Raw data
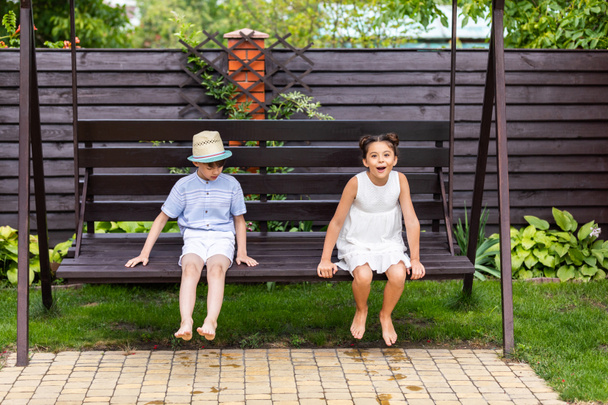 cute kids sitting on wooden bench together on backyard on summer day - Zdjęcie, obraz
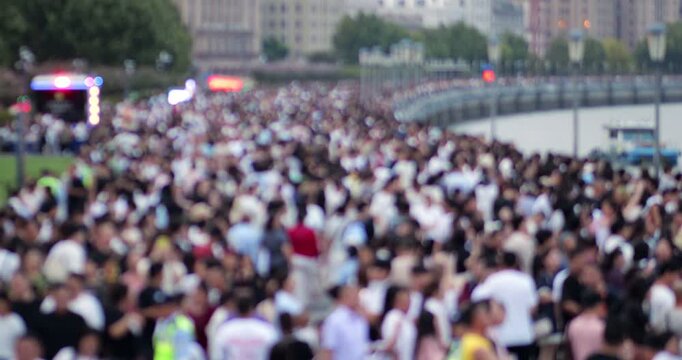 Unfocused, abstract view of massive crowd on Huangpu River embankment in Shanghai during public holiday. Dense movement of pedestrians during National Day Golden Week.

--

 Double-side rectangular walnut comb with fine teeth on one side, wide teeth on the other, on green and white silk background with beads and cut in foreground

--

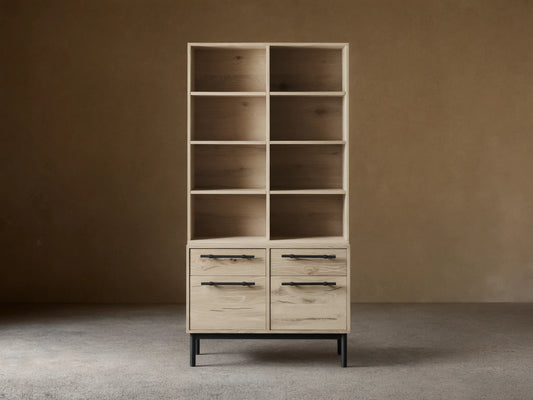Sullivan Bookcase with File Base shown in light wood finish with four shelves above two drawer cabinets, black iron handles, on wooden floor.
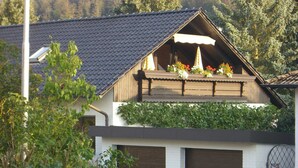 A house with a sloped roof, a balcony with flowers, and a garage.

Problem
Reproduce word for word, with pictures dropped, only the part of the material above that opens with the line containing "cute kids sitting" and closes with the line containing "Unfocused, abstract view".

Solution to this exercise
 cute kids sitting on wooden bench together on backyard on summer day - Zdjęcie, obraz
 Unfocused, abstract view of massive crowd on Huangpu River embankment in Shanghai during public holiday. Dense movement of pedestrians during National Day Golden Week.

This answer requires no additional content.